#### Available data
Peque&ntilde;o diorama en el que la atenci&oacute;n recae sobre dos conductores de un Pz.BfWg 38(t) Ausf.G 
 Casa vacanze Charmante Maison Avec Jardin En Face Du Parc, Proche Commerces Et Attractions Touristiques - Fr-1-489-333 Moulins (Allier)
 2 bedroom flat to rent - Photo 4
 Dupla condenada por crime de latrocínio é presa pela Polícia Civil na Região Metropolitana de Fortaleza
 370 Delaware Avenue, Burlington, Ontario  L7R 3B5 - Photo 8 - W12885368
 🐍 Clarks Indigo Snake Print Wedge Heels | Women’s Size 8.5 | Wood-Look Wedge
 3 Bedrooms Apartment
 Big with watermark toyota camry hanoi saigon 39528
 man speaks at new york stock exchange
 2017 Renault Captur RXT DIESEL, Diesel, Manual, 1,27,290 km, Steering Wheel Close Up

#### What you need to do
Exact copies of the lines from the one containing "370 Delaware Avenue, Burlington, Ontario" through the final line of the records are all the answer should hold.

#### Expected output
 370 Delaware Avenue, Burlington, Ontario  L7R 3B5 - Photo 8 - W12885368
 🐍 Clarks Indigo Snake Print Wedge Heels | Women’s Size 8.5 | Wood-Look Wedge
 3 Bedrooms Apartment
 Big with watermark toyota camry hanoi saigon 39528
 man speaks at new york stock exchange
 2017 Renault Captur RXT DIESEL, Diesel, Manual, 1,27,290 km, Steering Wheel Close Up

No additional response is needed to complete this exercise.